A atitude Câmara dos Deputados em aprovar o que foi chancelada como Lei da Devastação, indubitavelmente traz consequências, as mais lesivas ao meio ambiente, além de comprometer a imagem do Brasil perante um mundo preocupado com a 6ª extinção de espécies. Logo no Brasil que em novembro próximo estará sediando em Belém do Pará, em pleno bioma da Amazônia, a COP-30.
Esse PL que o mundo espera que seja vetado pelo Presidente Lula, com certeza trará consigo:
. Aumento do desmatamento e da consequente degradação ambiental:
A dispensa do licenciamento preconizada pelo PL para as atividades de baixo impacto é uma abertura tentadora no sentido de abrir caminho para uma expansão de fronteira agrícola indevida, como também para a exploração de recursos naturais sem o mínimo controle ambiental.
. Contaminação dos recursos hídricos: Em tempos de escassez mundial crescente dos recursos hídricos, todo e qualquer cuidado com a água nossa de cada dia ainda é pouco. Tanto no aspecto quantitativo quanto no aspecto qualitativo, por ser a água um recurso natural único e insubstituível.

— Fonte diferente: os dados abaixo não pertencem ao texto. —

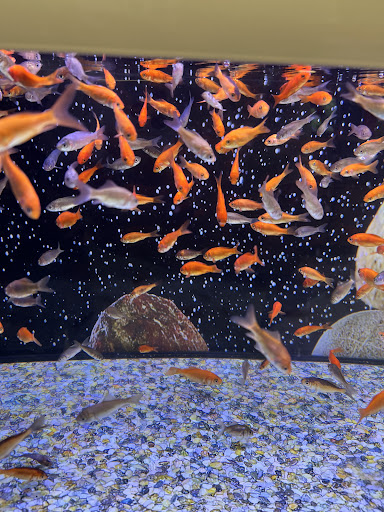 Pet Supply Store «Petco Animal Supplies», reviews and photos, 2722 N Josey Ln #107, Carrollton, TX 75007, USA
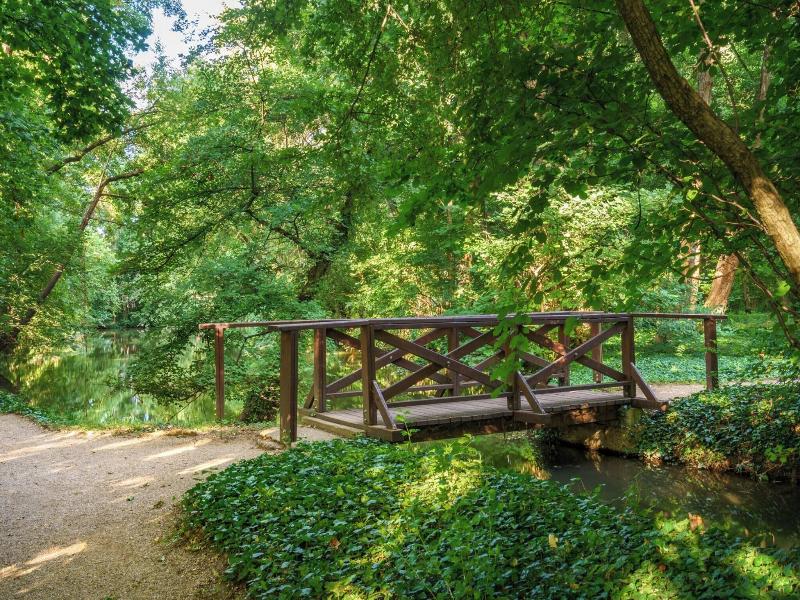 Ensana Thermal Sárvár image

. Conflitos Socioambientais: As comunidades tradicionais e principalmente os povos indígenas, têm as florestas como habitat e vivem do extrativismo sustentável. A redução da participação social desses povos, a aceleração desenfreada de empreendimentos em áreas protegidas e a perspectiva de devastação iminente, é um fator de apreensão para esses povos e de aumento desses conflitos que nessa modalidade que se torna exclusiva desses povos, com certeza irão gerar conflitos mais intensos.
. Prejuízos à saúde Humana: Quaisquer atividades humanas, seja ela qual for, sempre irá provocar impactos na natureza. Para um uso sustentável, a apropriação desses recursos deverá obedecer rigorosamente aos protocolos ambientais.
As transgressões a esse regramento poderão acarretar contaminações diversas, de efeitos deletérios à saúde da população, notadamente em áreas próximas de empreendimentos de alto potencial de impacto.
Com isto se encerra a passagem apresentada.